There is still an open question of who is responsible for creating this unique ID. On the one hand it should be up to Clowder to create and manage these IDs, as it is managing the larger concept of a "Job" which spans multiple status updates. On the other hand, will this account for failover? What if an extractor fails midjob? Is it ok to start this job over with the same ID, or would this require generating an entirely new ID?
The API changes proposed should be fairly minimal, as we are simply extending the existing Extraction API to account for the new identifier that will need to be added to pyClowder.
NOTE: Extraction already has a field named id, which is unique per-status update. We may want to create a new field (named job_id?) instead of changing existing behavior and maybe causing compatibility issues.

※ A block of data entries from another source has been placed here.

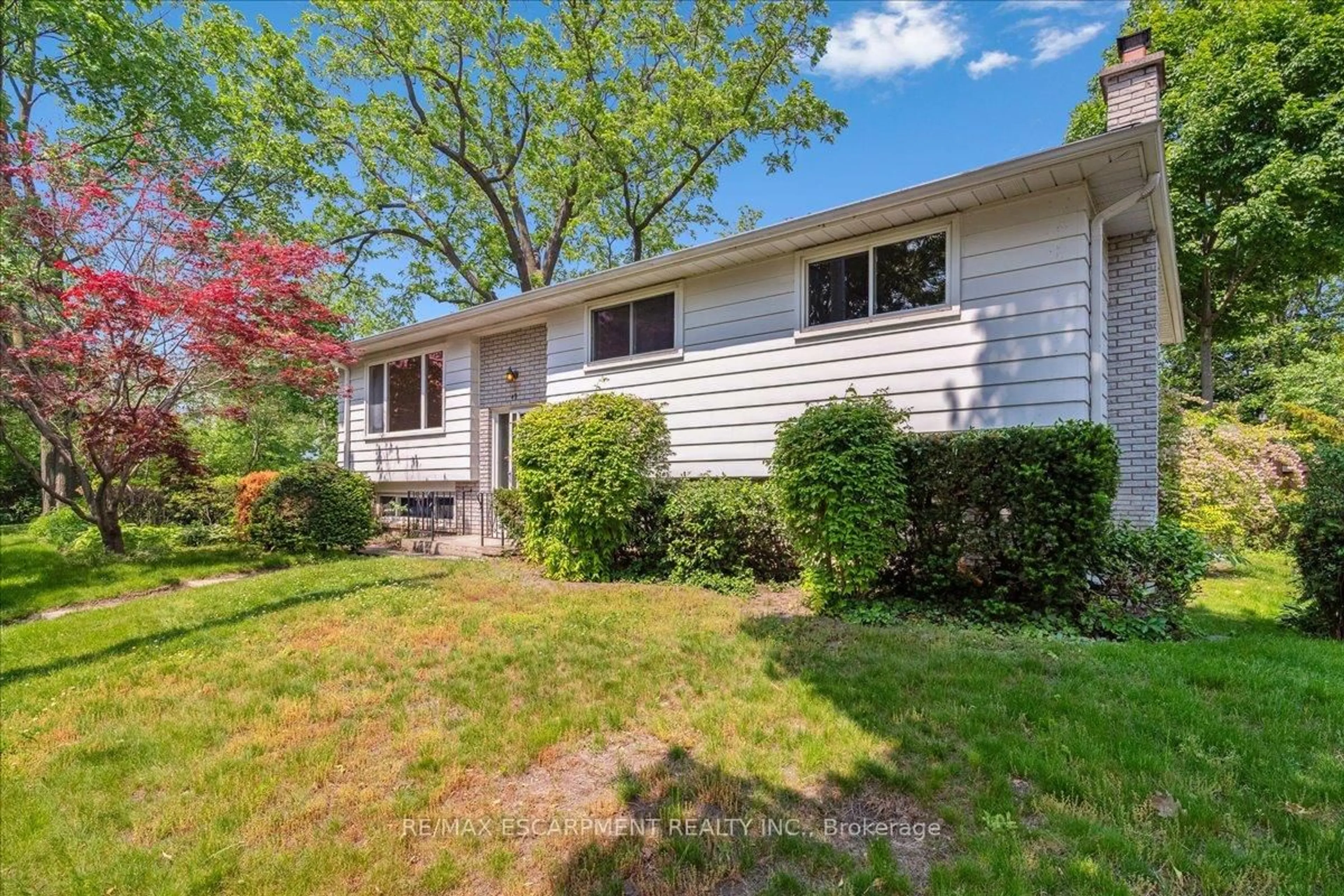 Home with vinyl exterior material, street for 49 Head St, Oakville Ontario L6K 1L4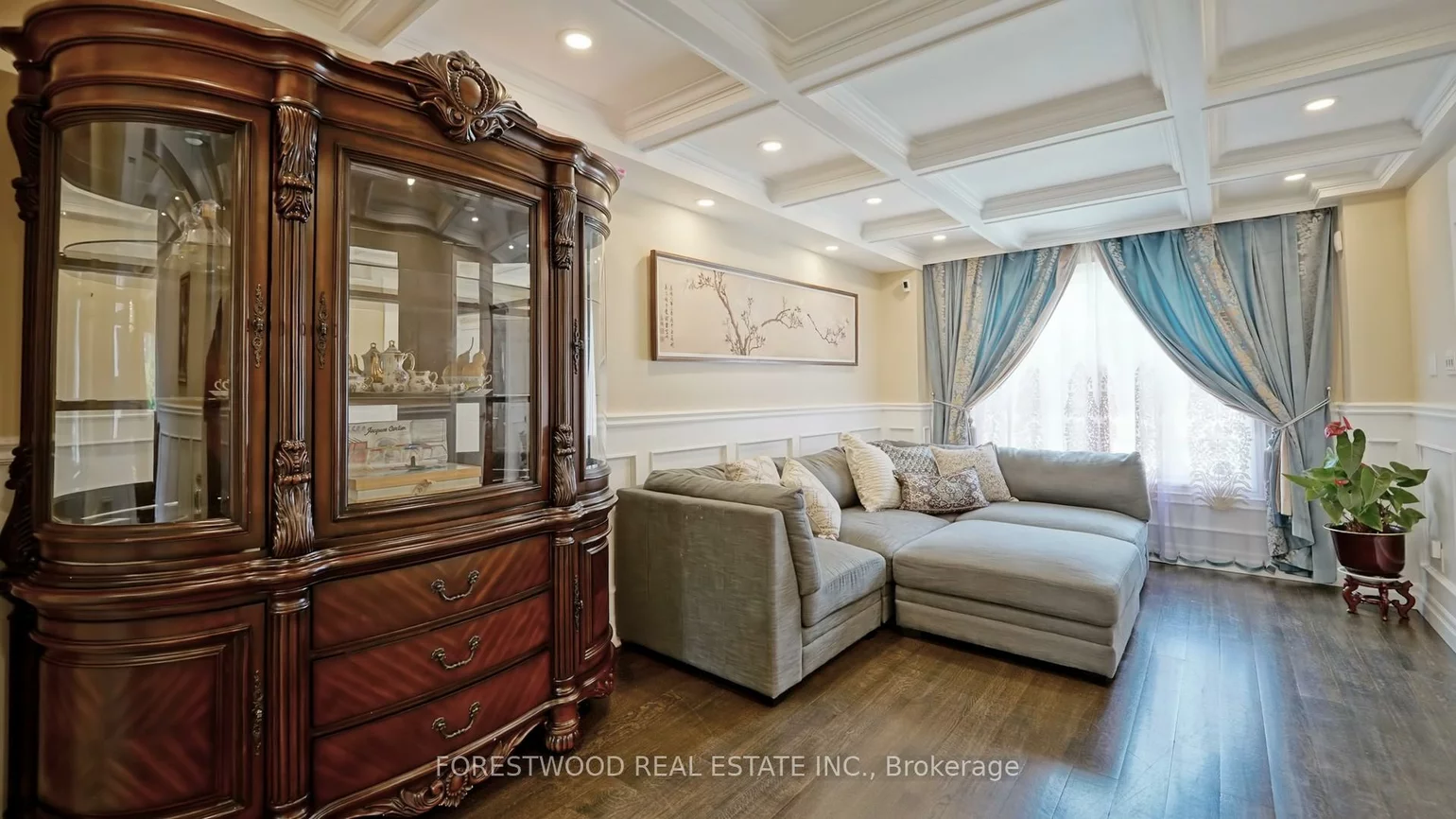 4449, Ashley, Hurontario, Mississauga
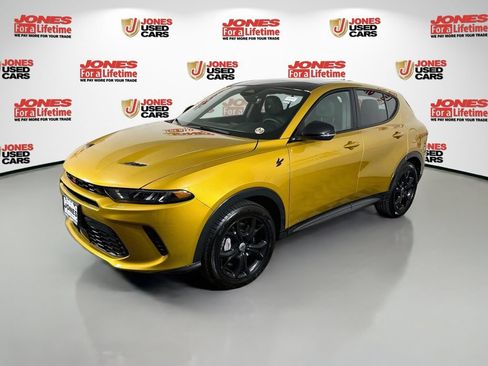 Used 2024 Dodge Hornet R/T Plus w/ R/T Blacktop Package AWD/4WD image 14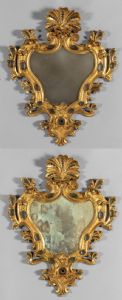Coppia di applique Luigi XIV in legno intagliato, dorato e policromato, Stati Pontifici inizi secolo XVIII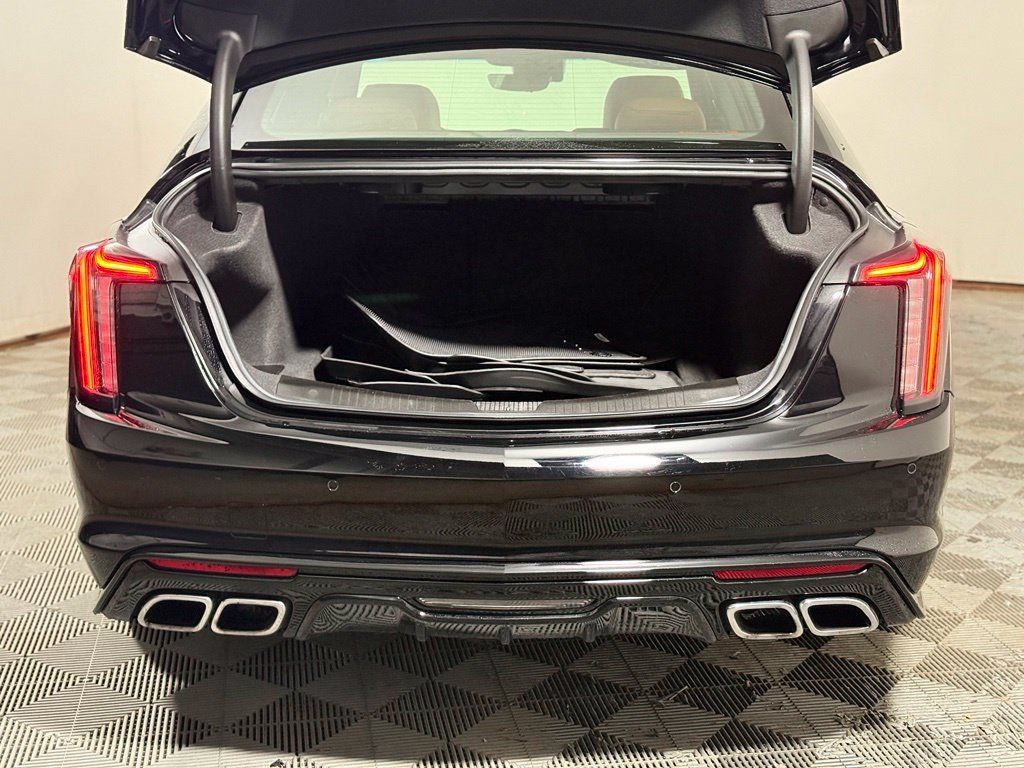 Used 2023 Cadillac CT5 V RWD image 6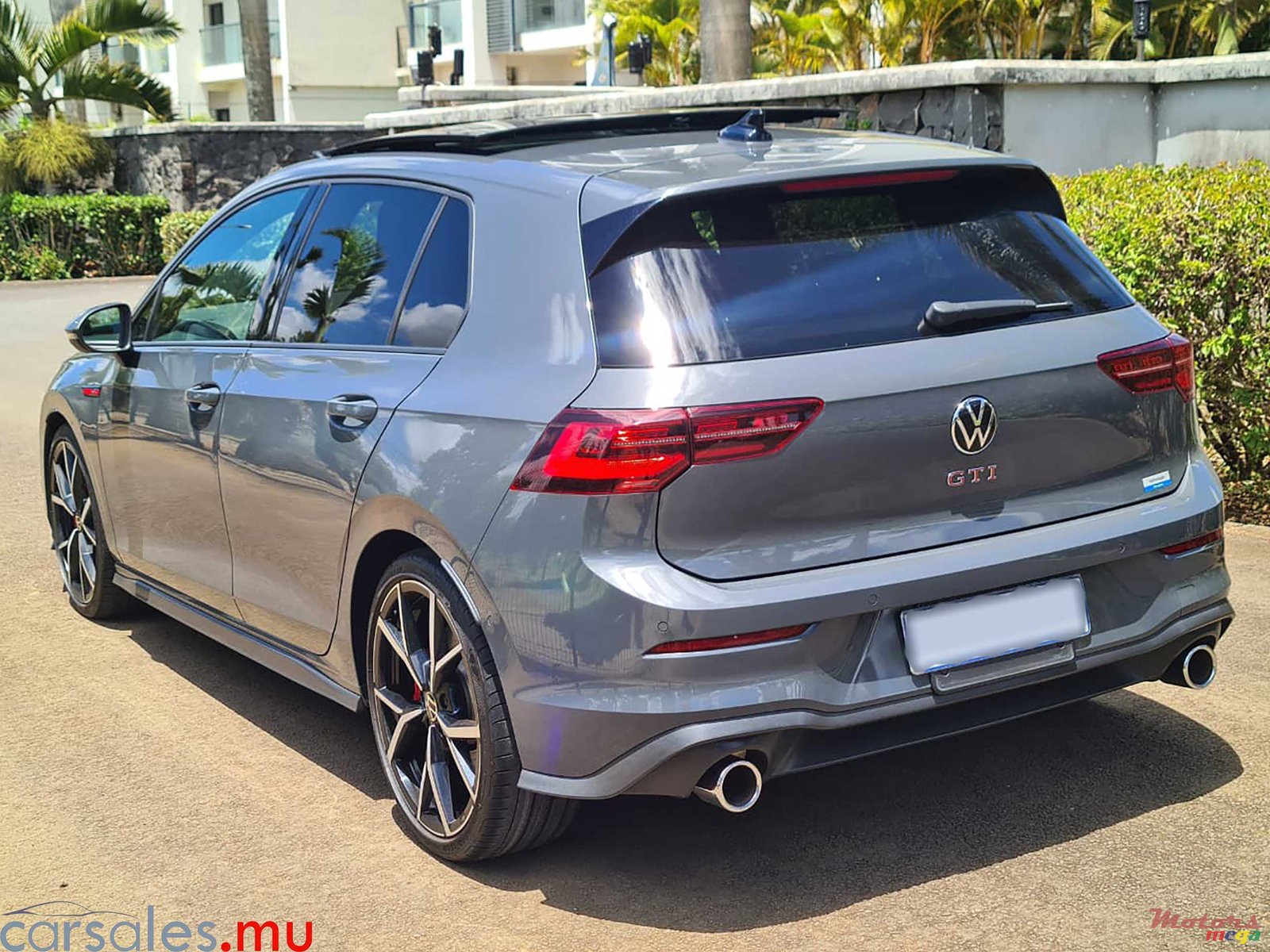 2022' Volkswagen Golf GTI 2.0 TSI photo #3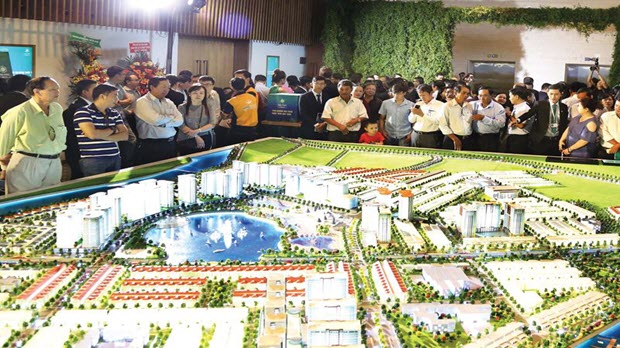 Bất động sản TP.HCM: Nhà phố, biệt thự đang "cháy hàng"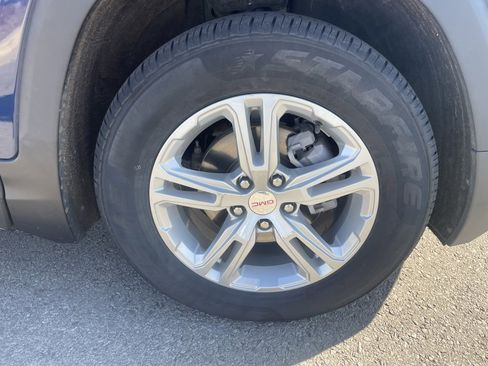 Used 2022 GMC Terrain SLE image 33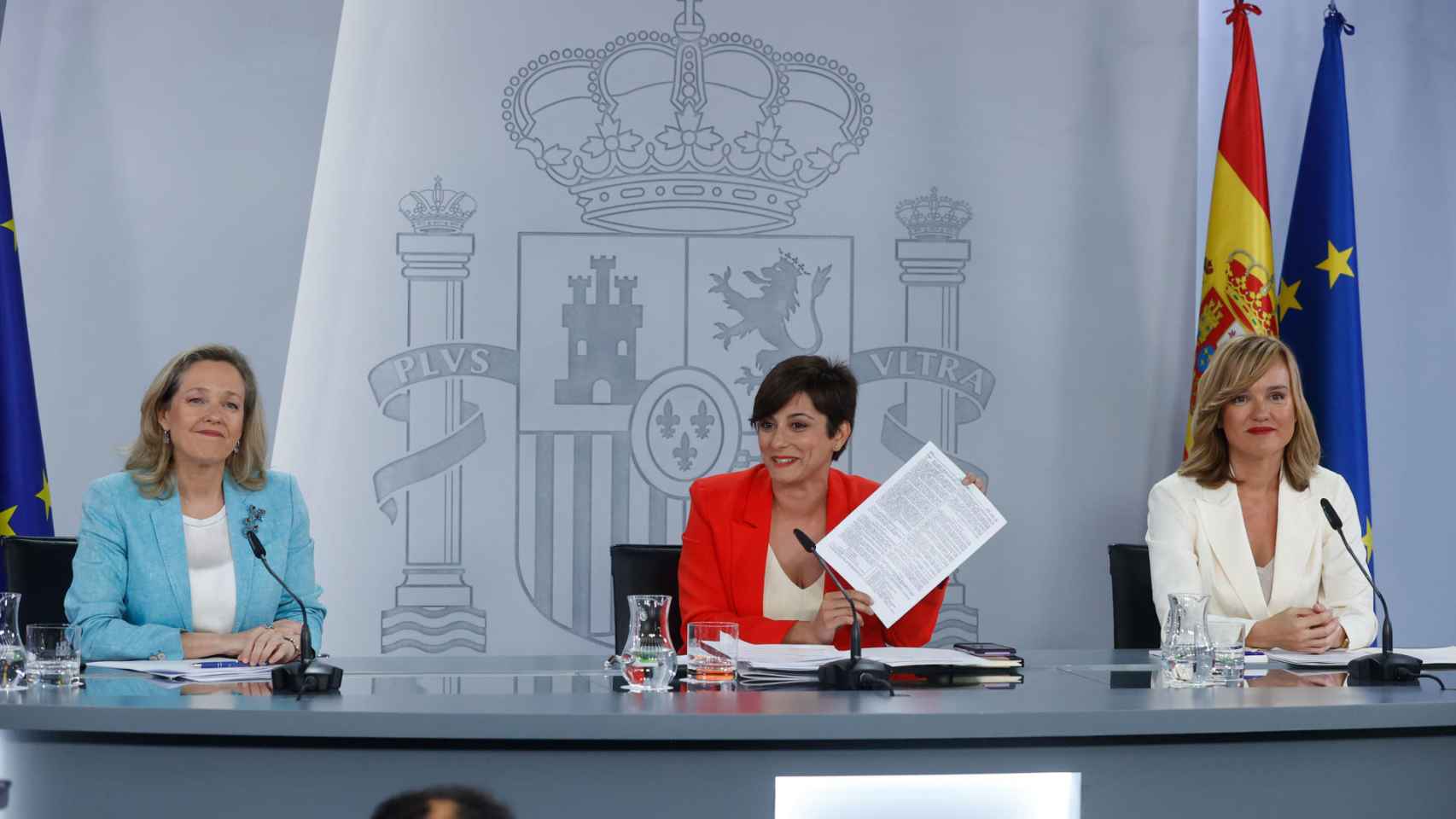 Las ministras Nadia Calviño, Isabel Rodríguez y Pilar Alegría durante la rueda de prensa posterior al Consejo de Ministros de este miércoles.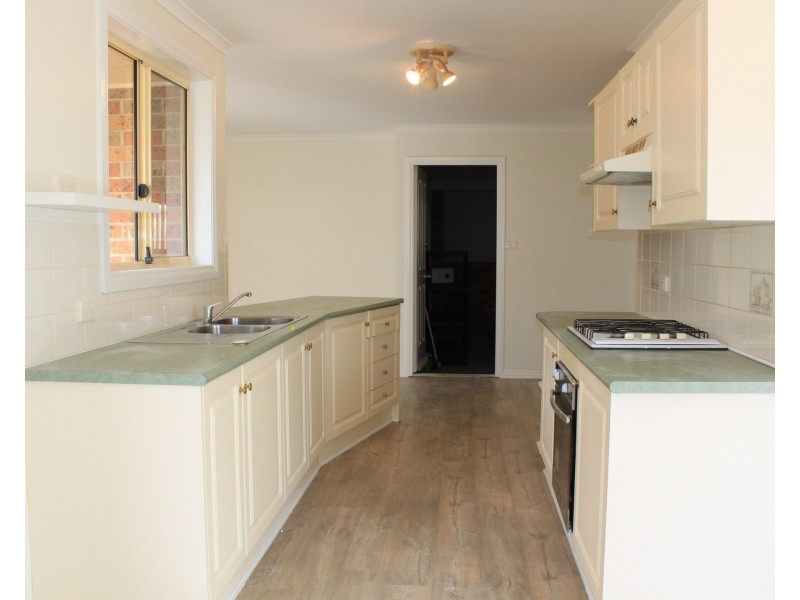 24 Springvale Circuit, Cameron Park NSW 2285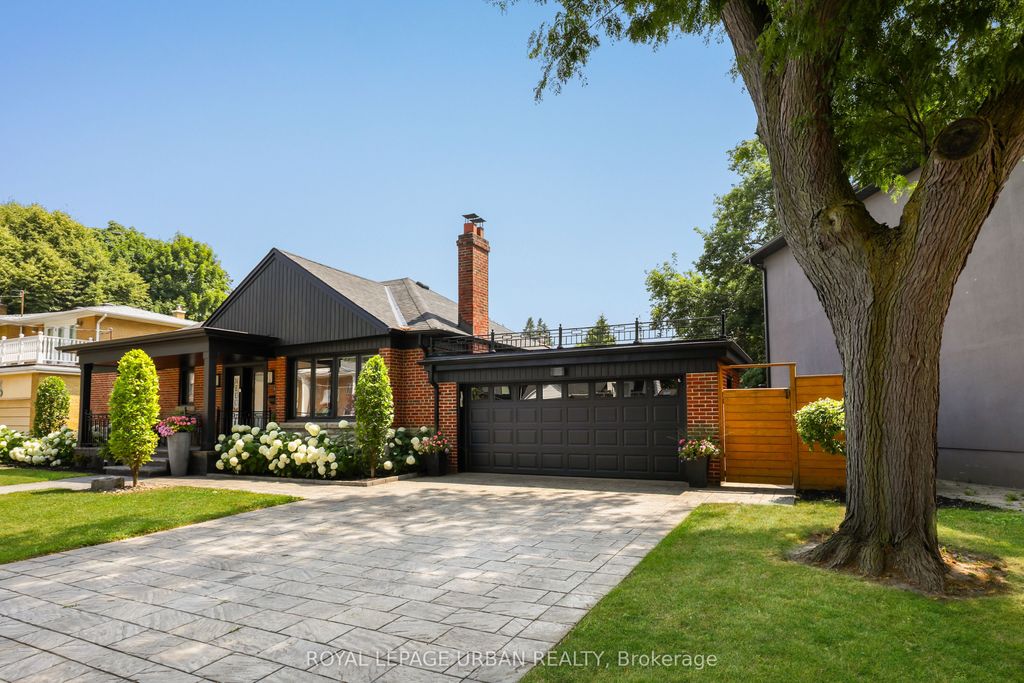 Photo of 147 Parkview Hill Crescent, Toronto, ON M4B 1R7 (MLS # E12393689)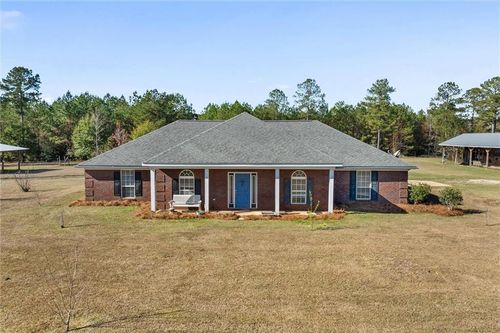 8775 Dovetail Ln W, Wilmer, AL, 36587-6438 | Card Image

Further changes would likely break the existing implementation of Extractors/Extractions, and should be considered thoroughly before execution.
The UI takes on a few changes here, adding further grouping/categorization based on the new job ID.
Displaying extractor events currently looks as follows:
We offer a tab that lists all extractors that have run on the file or dataset.
The user can click an extractor to expand a subsection containing individual events from that extractor.
We propose altering the UI with the following changes:
- Categorize further based on the unique identifier for each job - this allows user
- For finished extractor jobs (?), show the elapsed time it took to complete the job
Nice to have:
- Display the user that initiated the job - for new uploads, should we show the user who uploaded the file?
The final product might look something like this:
- What do we do about past extractions/jobs that are missing this identifier? Is it worth preserving the existing display in the UI for this purpose?
- Extraction already has an id field that is unique per-status update - would adding a job_id field work in a way that keeps this data/view backward-compatible as possible?
- Should Clowder or pyClowder create this unique identifier? What about cases where an extractor dies mid-job? Can/should another extractor pick this up with the same ID, or should this generate a new ID instead?